-------- Materials provided

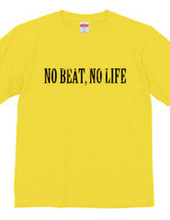 NO BEAT.NO LIFE01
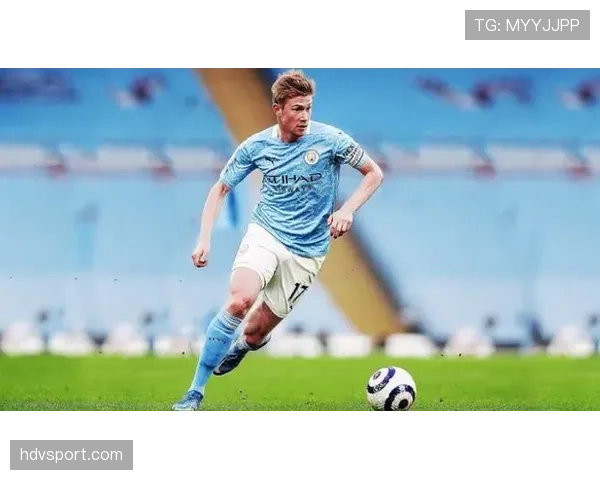 德布劳内为何被视为最全面中场？解析其核心价值与能力维度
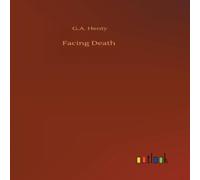 G.A. Henty Facing Death Hardcover Book G.A. Henty Multicolor
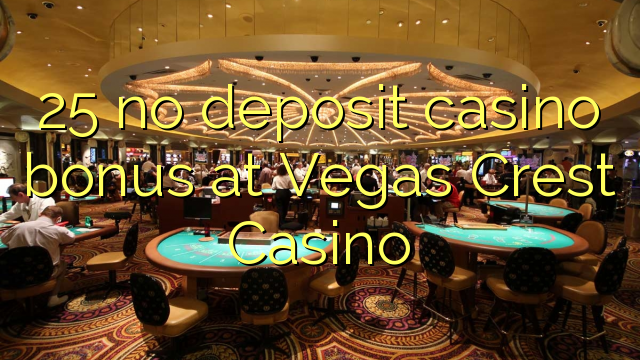 25 Vegas Crest Casino hech depozit kazino bonus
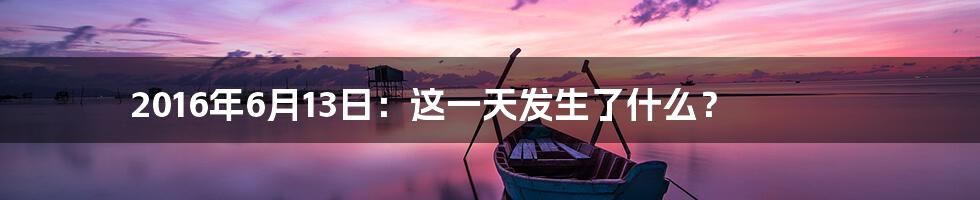 2016年6月13日:这一天发生了什么?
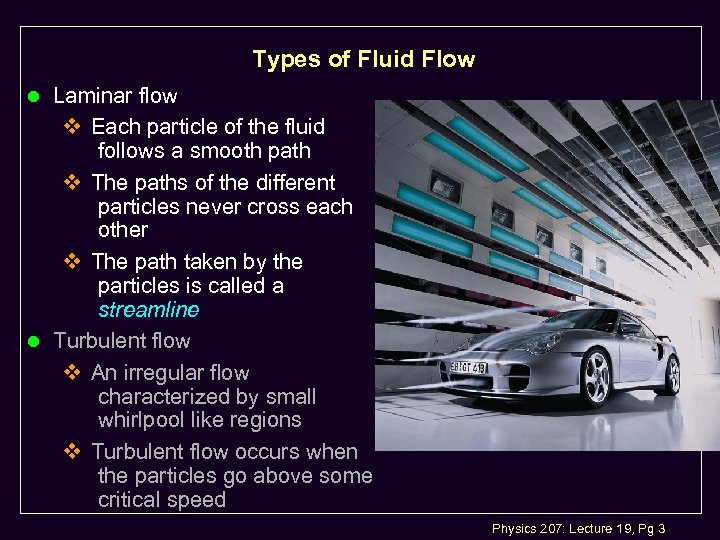 Types of Fluid Flow l Laminar flow v Each particle of the fluid follows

----------------

■ **Your goal**
The answer should consist of all the records, duplicated exactly, with no images included.

■ **Solution for this problem**
 NO BEAT.NO LIFE01
 德布劳内为何被视为最全面中场？解析其核心价值与能力维度
 G.A. Henty Facing Death Hardcover Book G.A. Henty Multicolor
 25 Vegas Crest Casino hech depozit kazino bonus
 2016年6月13日:这一天发生了什么?
 Types of Fluid Flow l Laminar flow v Each particle of the fluid follows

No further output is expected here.